** Task to carry out **
Take the lines below from the one with "66 Landing Lane Laconia NH 03246" through the one with "1st image of 1412-3 Pembroke Cir" and retype them exactly. Include nothing else, and no pictures.

** Task material **
====================
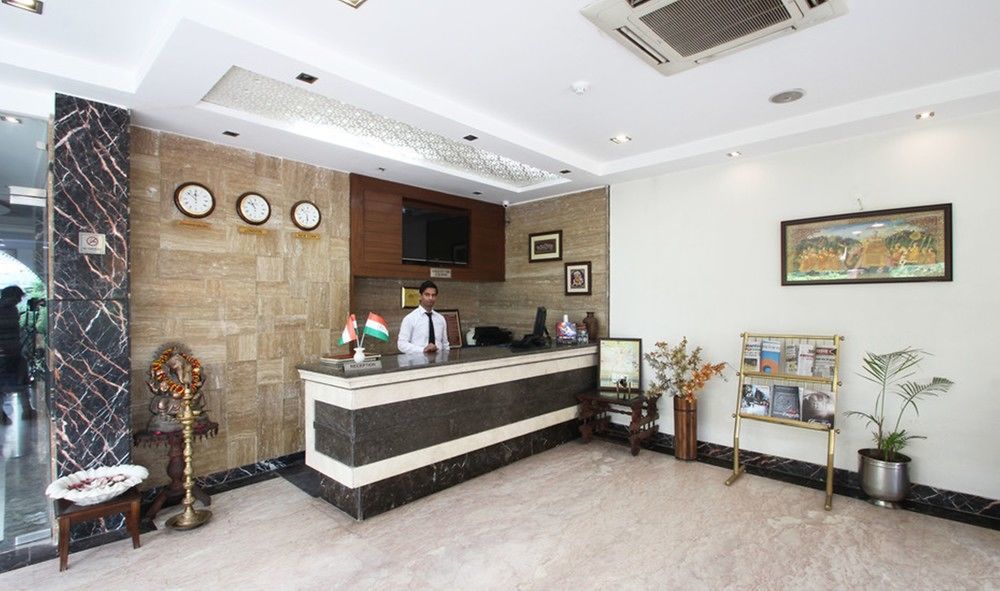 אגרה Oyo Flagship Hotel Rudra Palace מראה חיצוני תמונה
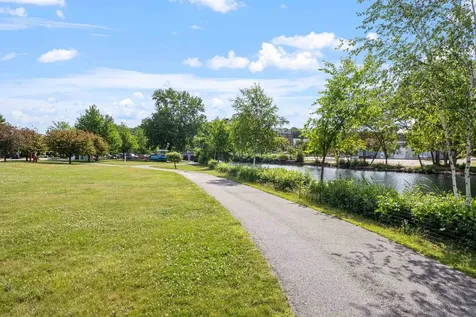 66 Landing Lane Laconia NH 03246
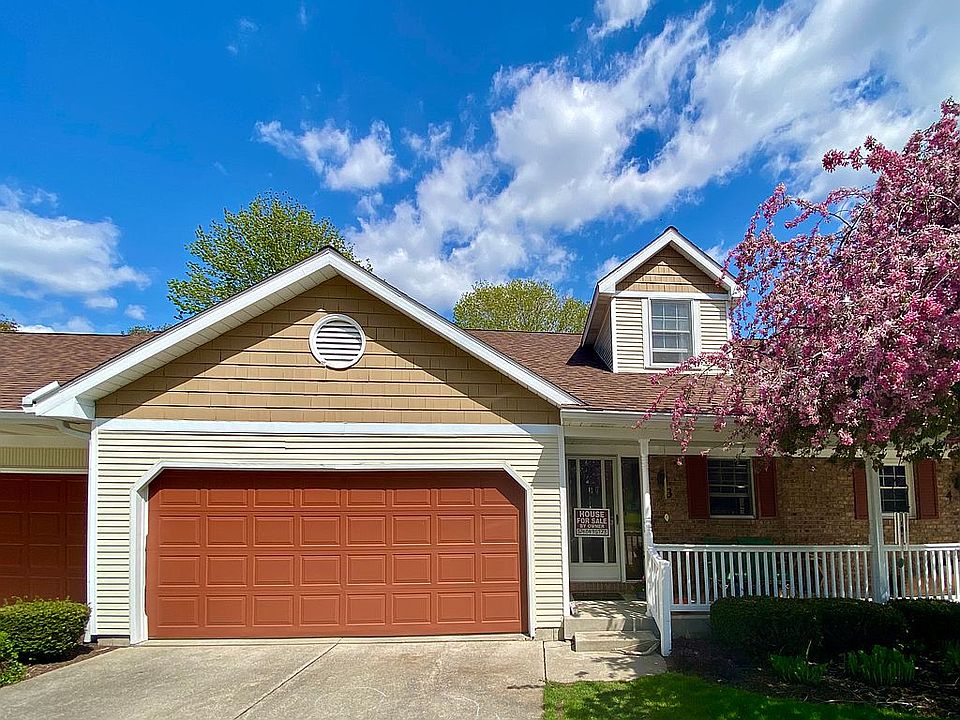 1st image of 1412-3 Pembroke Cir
====================
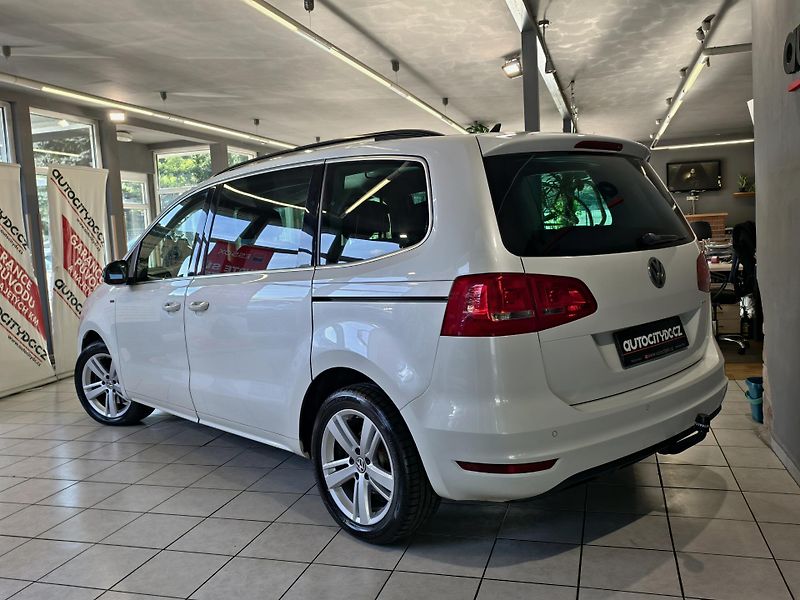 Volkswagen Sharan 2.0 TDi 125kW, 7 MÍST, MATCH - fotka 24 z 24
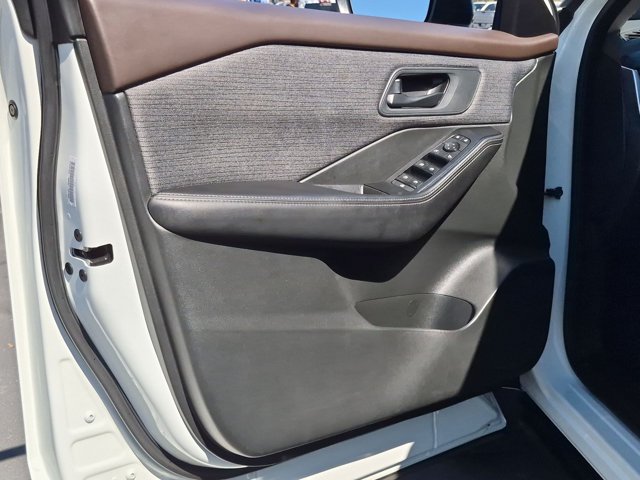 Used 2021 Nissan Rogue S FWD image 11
====================
** Output for this exercise **
 66 Landing Lane Laconia NH 03246
 1st image of 1412-3 Pembroke Cir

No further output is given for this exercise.